E, de campanha em campanha, nunca é demais lembrar o recado lançado pelo Ministério da Saúde em 2023, que se vale de uma gíria bastante popular. “Crush”, palavra em inglês usada quando alguém está apaixonado, indicando aquela pessoa por quem o coração bate mais forte. Muito comum nas redes sociais, o termo foi escolhido como mote da campanha contra a aids daquele ano.

Em sintonia com essa mensagem, o Viva Maria faz questão de destacar o relatório que a Unaids lançou neste 1º de dezembro, cujo principal desafio é eliminar as barreiras que têm comprometido a resposta global ao HIV, uma resposta que, segundo o documento, sofreu seu revés mais significativo em décadas. O relatório detalha as consequências das reduções no financiamento internacional e da falta de solidariedade global, fatores que atingiram em cheio países de baixa e média renda com maior incidência da doença.

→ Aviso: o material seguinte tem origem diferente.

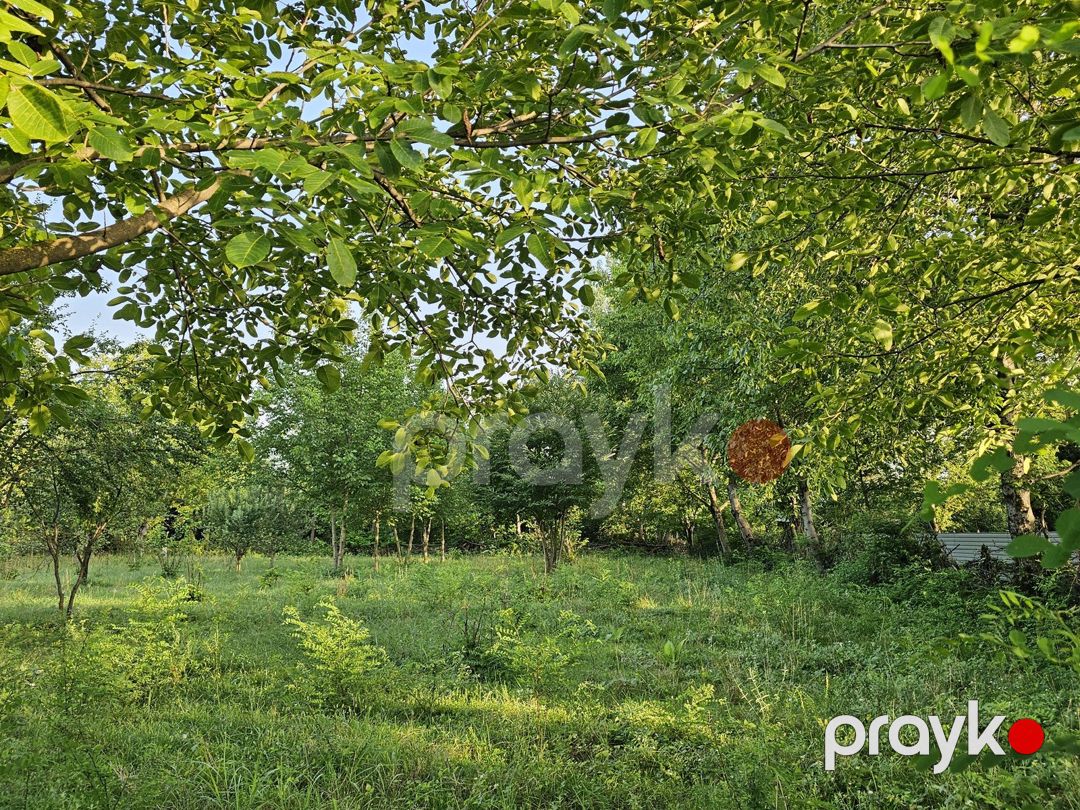 Satılır torpaq 32 sot — Torpaq, Qəbələ (5)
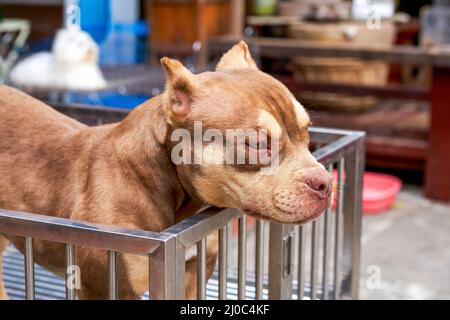 Ein mächtiger Boxenbulle in einem Tierladen Stockfoto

Segundo a diretora-executiva da Unaids, Winnie Byanyima:

“A crise de financiamento expôs a fragilidade do progresso que lutamos tanto para alcançar. Por trás de cada dado deste relatório estão pessoas, bebês e crianças que não tiveram acesso a exames de HIV ou diagnóstico precoce, mulheres jovens que não receberam apoio à prevenção e comunidades que, de repente, ficaram sem serviços e cuidados. Não podemos abandoná-las. Precisamos superar essa interrupção e transformar a resposta à AIDS.”

Em busca de caminhos para responder a esse retrocesso, o Viva Maria conversa com uma das fundadoras de uma associação pioneira no enfrentamento da doença em nosso país: a cientista social Silvia Ramos, diretora do CESeC – Centro de Estudos de Segurança e Cidadania. À frente da ABIA, Silvia Ramos participou de um momento crucial da luta contra a aids no Brasil.

E tão importante quanto relembrar o protagonismo brasileiro na resposta à epidemia é lembrar aqueles que sentiram na pele o peso do preconceito e da discriminação por serem portadores do vírus HIV.

Em memória viva: Cazuza, Betinho, irmão de Henfil, e tantas outras pessoas que tombaram nessa luta.

Viva Maria!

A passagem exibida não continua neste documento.